This page covers operational guidance for running the Watch API at scale. For setup and API details, see the [Watch API reference](/api-reference/watch/watch-changes).

## Performance

Each active Watch stream opens a long-lived connection with a continuous polling loop against the database. At high connection counts, this can result in significant CPU and I/O usage.

### Mitigation Strategies

**1. Fan-in / fan-out architecture**

Instead of each application service or pod opening its own Watch stream:

* Run a **small number of dedicated Watch consumers** (e.g. 2–4 Permify pods receiving Watch streams).
* Distribute permission-change events internally via a pub/sub system (Kafka, Redis Pub/Sub, NATS, etc.) to the rest of your fleet.

This limits the number of concurrent Watch connections to a fixed, controlled count regardless of how many application pods you run.

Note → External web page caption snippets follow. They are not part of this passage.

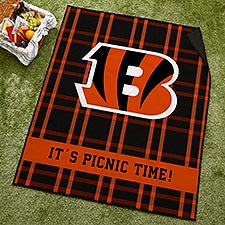 NFL Cincinnati Bengals Personalized Plaid Picnic Blanket - 49152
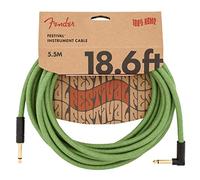 Fender Festival Cable Guitarra Jack 6.35mm Verde 5.5M | Cable instrumento musical con blindaje, jack 6.35mm recto, para guitarra eléctrica & amplificador, duradero, 5.5M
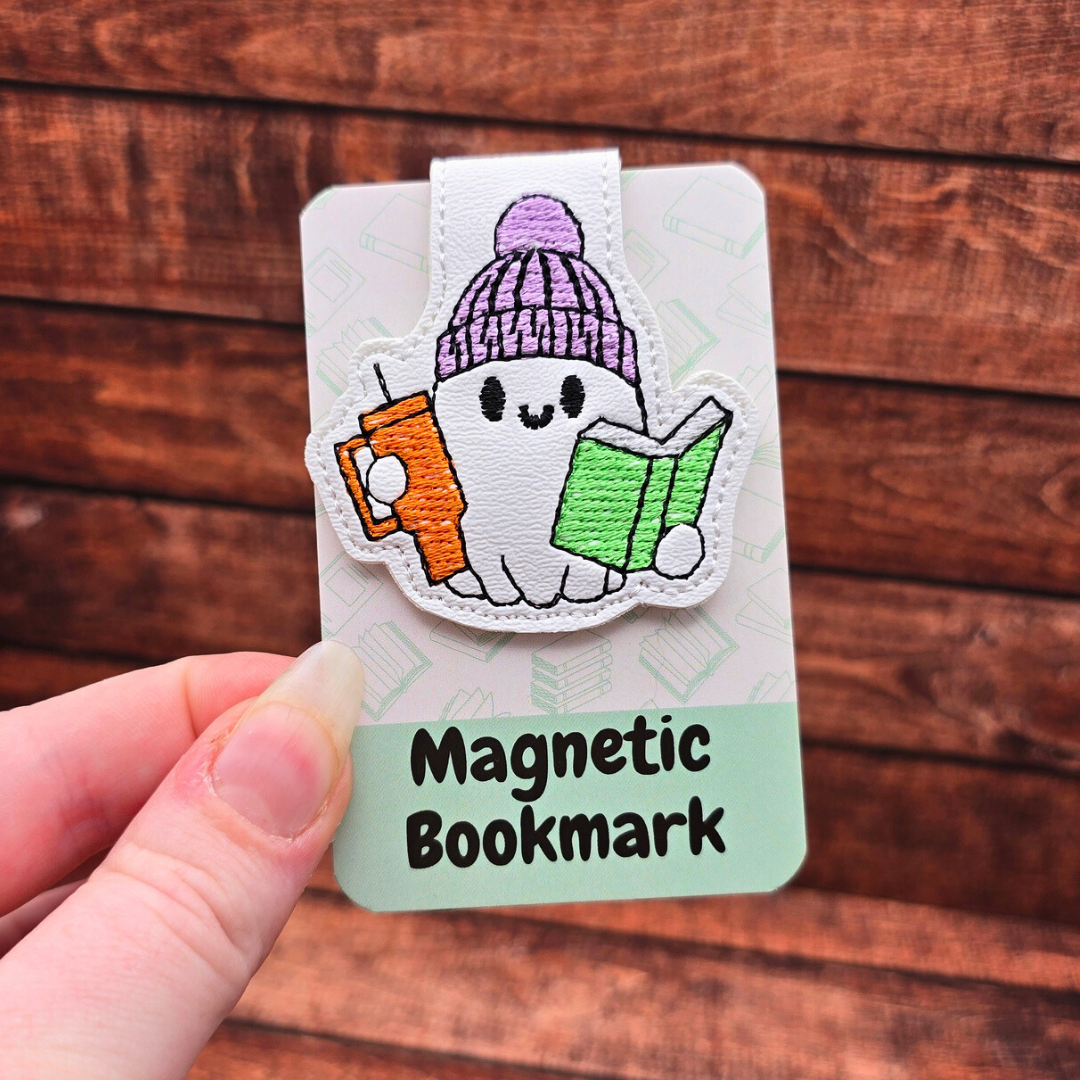 Beanie Ghost | Embroidered Magnetic Bookmark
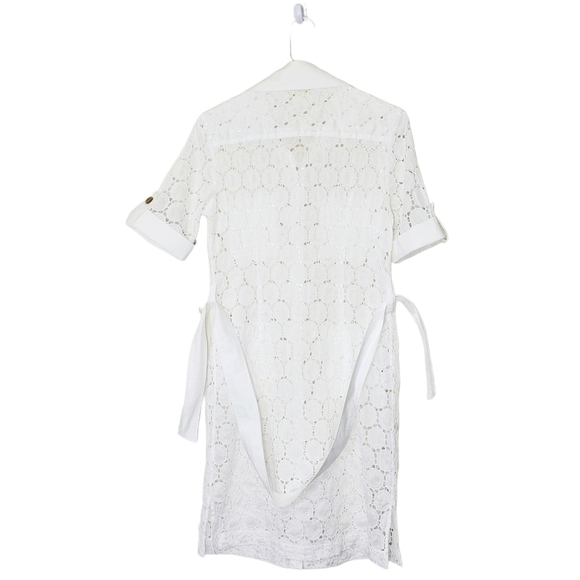 Craig Taylor Mini Eyelet Lace Button Down Shirt Dress - Picture 5 of 7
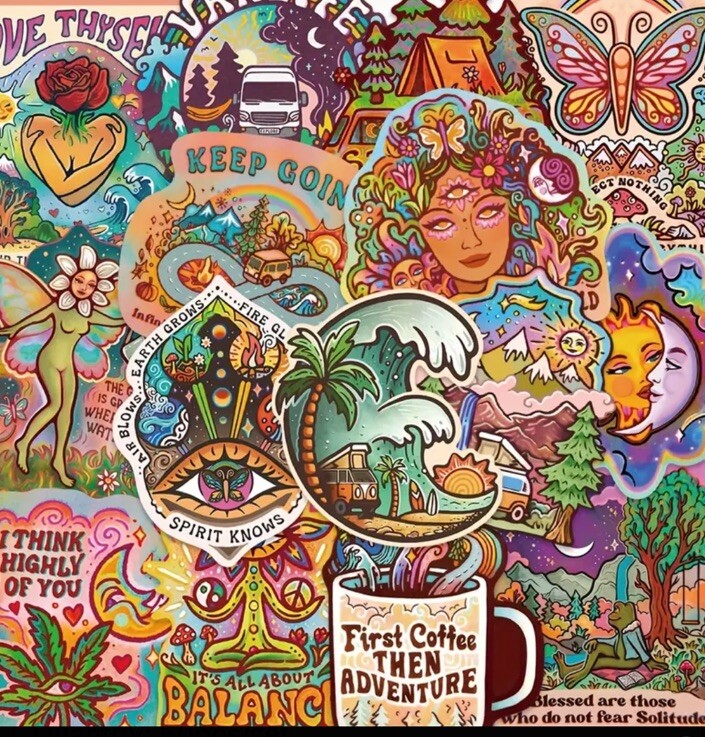 10pcs Spiritual Adventure Travel Stickers- Scrapbook, Crafts, Hippy Moon Child
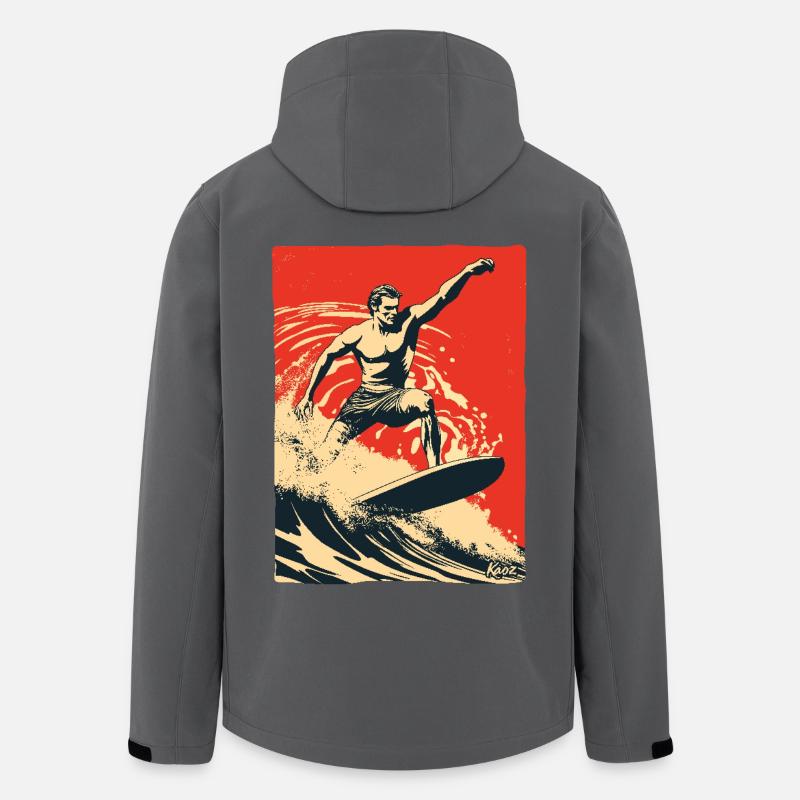 Oldschool Retro Surfing - Recycelte Männer Softshell-Jacke von Stanley/Stella - Anthrazit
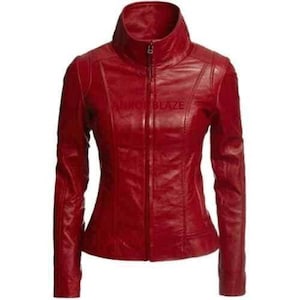 Blouson moto femme en cuir véritable fait main rouge bordeaux - Cadeau de luxe pour elle - Blouson moto classique élégant en cuir de mouton souple en peau de mouton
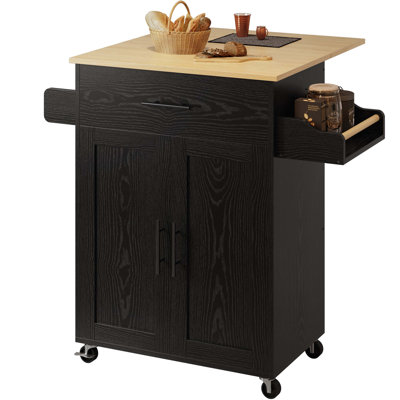 26"W Rolling Kitchen Island Table On Wheels With Drop Leaf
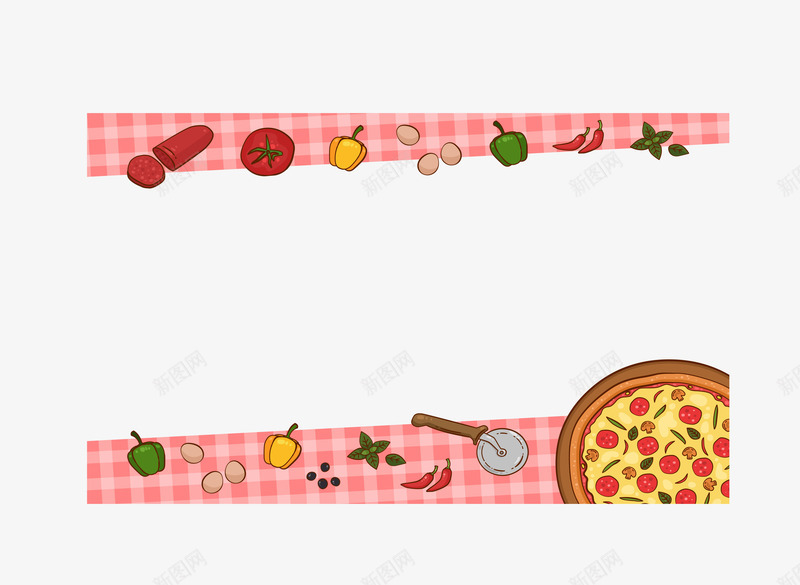 粉色桌布披萨装饰框矢量图eps免抠素材_88icon https://88icon.com 披萨食材 披萨饼 矢量素材 粉色桌布 矢量图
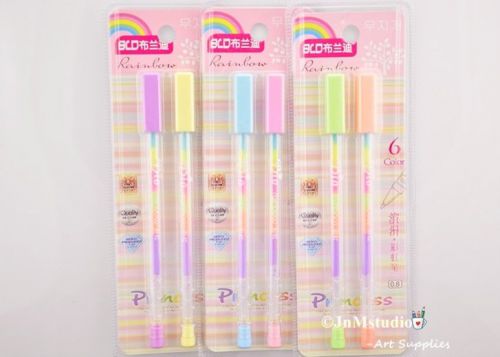 2/pack rainbow color pastel smooth highlighter markers pens-0.8mm pen point for sale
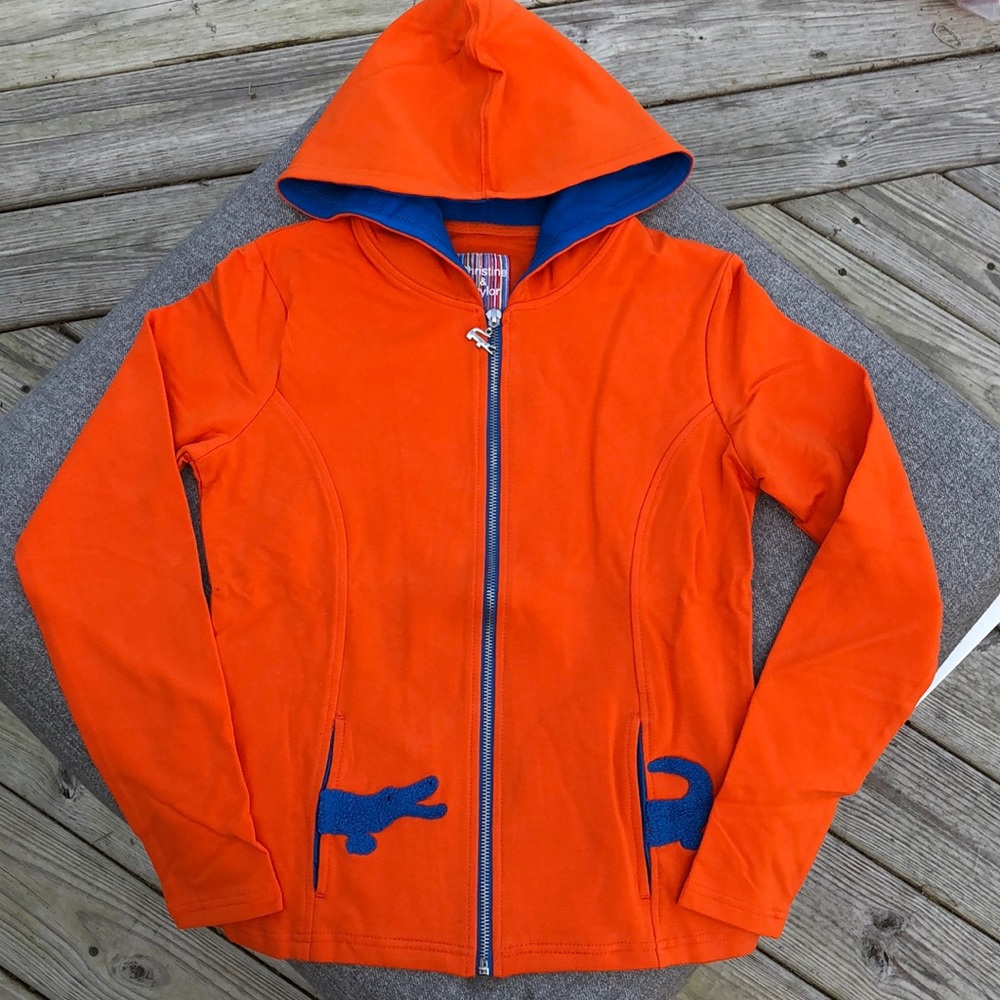 NWT! - CHRISTINE & TAYLOR Alligator GATORS Zip-Up Hoodie Sweatshirt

**2. Control mass reconnections**

After a Permify restart or rolling deployment, all Watch clients reconnect simultaneously. Implement:

* **Exponential backoff** — double the wait time after each failed attempt.
* **Jitter** — add a random offset to the backoff to spread reconnects over time.
* **Connection budgets** — limit the maximum reconnect rate per client.

**3. Separate Watch and Check deployments**

Run Watch-heavy workloads on a **dedicated Permify deployment** with its own Horizontal Pod Autoscaler (HPA), separate from the fleet serving Check, LookupEntity, and other read APIs. This prevents Watch load from affecting Check API capacity and vice versa.

### Tuning `watch_buffer_size`

The `database.watch_buffer_size` config key (default: `100`) controls how many pending change events can be queued per Watch stream before back-pressure is applied. If your write rate is high and consumers are slow, increasing this value reduces the risk of events being dropped. See [Database Configurations](/setting-up/configuration#database--database-configurations) for details.

## Stream Disconnection & Reconnection

Watch streams are **pod-specific** and are not handed off when a Permify instance terminates. If a pod running an active Watch stream shuts down (scale-in, rolling restart, node eviction):

* The gRPC stream is terminated.
* Clients **must reconnect** and open a new Watch stream, ideally passing their last received `snap_token` so they can resume from where they left off without replaying the full history.

**Best practices:**

* Store the last received `snap_token` durably (e.g. in Redis or your application database) so reconnects are resumable without data loss.
* Implement **exponential backoff with jitter** on reconnect to avoid a wave of simultaneous reconnections after a rolling deployment or pod restart.
* Apply a **connection budget** per client to cap the maximum reconnect rate.